Tiger Mountain Strategies

tiger_mountain.jpgTaking Tiger Mountain (By Strategy) is familiar to those of us in the decadent west as the title of Brian Eno’s second solo album, released in 1974. Eno borrowed the title from a set of Chinese postcards depicting a performance of a Maoist opera, and you can now see a copy of those very postcards here.

“The modern revolutionary Peking opera Taking Tiger Mountain by Strategy, carefully revised, perfected and polished to the last detail with our great leader Chairman Mao’s loving care, now glitters with surpassing splendour.

Taking Tiger Mountain by Strategy is one of the outstanding model theatrical works. It describes an episode in the great Chinese People’s War of Liberation, a battle in which a pursuit detachment of the Chinese People’s Liberation Army wiped out a Kuomintang die-hard gang in northeast China. The opera creates the brilliant images of Yan Tzu-jung and other proletarian heroes by the method of combining revolutionary realism with revolutionary romanticism, and eulogizes Chairman Mao’s great thought on people’s war. The successful creation of the modern revolutionary Peking opera Taking Tiger Mountain by Strategy is a splendid victory for Chairman Mao’s revolutionary line on literature and art.”

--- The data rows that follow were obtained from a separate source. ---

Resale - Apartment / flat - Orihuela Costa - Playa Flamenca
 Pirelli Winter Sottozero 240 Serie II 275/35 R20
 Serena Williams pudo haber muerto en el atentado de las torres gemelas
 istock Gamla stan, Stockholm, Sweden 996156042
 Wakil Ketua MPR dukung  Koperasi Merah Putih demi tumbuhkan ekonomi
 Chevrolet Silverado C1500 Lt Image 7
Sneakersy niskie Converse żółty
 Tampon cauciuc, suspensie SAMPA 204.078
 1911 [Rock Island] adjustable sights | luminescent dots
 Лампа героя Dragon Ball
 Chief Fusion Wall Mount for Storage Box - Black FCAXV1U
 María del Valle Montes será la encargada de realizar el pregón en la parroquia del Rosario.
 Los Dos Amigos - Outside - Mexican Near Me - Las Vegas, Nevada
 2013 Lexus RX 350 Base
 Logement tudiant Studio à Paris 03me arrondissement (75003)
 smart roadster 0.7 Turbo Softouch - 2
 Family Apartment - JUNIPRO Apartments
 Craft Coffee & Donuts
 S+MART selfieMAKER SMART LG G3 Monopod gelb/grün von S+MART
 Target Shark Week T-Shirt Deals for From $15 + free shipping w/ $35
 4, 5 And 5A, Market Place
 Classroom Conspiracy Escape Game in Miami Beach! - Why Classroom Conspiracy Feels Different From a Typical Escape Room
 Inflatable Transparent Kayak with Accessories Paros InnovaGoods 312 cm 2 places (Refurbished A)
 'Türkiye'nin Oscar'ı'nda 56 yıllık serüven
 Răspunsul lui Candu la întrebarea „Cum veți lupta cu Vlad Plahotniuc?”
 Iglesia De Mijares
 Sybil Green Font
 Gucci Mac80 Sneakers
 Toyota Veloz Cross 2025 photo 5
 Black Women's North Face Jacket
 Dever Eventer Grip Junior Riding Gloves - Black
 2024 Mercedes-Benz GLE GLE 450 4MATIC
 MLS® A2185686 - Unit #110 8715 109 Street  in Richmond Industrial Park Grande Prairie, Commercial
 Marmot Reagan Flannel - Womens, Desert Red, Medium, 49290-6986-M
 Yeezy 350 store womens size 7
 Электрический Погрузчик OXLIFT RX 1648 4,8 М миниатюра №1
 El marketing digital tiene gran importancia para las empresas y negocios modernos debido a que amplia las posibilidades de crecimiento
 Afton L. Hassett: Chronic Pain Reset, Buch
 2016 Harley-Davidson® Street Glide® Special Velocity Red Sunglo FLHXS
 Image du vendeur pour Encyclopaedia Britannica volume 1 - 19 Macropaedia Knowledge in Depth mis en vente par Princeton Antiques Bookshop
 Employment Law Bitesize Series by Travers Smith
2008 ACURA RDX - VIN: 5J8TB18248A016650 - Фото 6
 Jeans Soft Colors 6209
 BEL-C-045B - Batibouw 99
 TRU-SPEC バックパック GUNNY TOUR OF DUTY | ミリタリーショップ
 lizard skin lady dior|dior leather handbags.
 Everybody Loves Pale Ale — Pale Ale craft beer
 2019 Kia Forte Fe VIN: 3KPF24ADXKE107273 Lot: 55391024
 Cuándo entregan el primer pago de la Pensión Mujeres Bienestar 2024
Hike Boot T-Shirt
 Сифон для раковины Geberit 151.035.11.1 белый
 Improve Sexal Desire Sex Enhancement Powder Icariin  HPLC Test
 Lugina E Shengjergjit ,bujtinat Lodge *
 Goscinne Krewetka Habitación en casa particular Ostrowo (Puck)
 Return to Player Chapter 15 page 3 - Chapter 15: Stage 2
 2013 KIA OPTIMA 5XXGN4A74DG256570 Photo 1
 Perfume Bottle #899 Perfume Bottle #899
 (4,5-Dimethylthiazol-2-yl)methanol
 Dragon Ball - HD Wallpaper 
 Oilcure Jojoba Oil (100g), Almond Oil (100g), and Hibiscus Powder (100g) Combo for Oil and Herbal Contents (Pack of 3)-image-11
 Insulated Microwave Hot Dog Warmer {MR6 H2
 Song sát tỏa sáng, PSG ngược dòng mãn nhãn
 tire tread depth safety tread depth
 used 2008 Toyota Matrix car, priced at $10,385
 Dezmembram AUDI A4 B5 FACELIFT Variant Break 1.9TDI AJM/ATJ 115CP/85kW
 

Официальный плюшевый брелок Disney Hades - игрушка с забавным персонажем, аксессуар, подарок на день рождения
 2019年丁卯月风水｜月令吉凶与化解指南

Eno produced his own set of strategic cards with artist Peter Schmidt (who painted the cover of Tiger Mountain) a year later, Oblique Strategies, “Over one hundred worthwhile dilemmas.” Originally an expensive limited edition, these are now available in a variety of freeware applications or online versions. Best one if you’re among the 17% of Mac-users visiting this site is probably the Dashboard widget, the latest version of which includes the texts of all three editions. The instant access nature of OS X’s Dashboard is especially suited to small information systems such as this.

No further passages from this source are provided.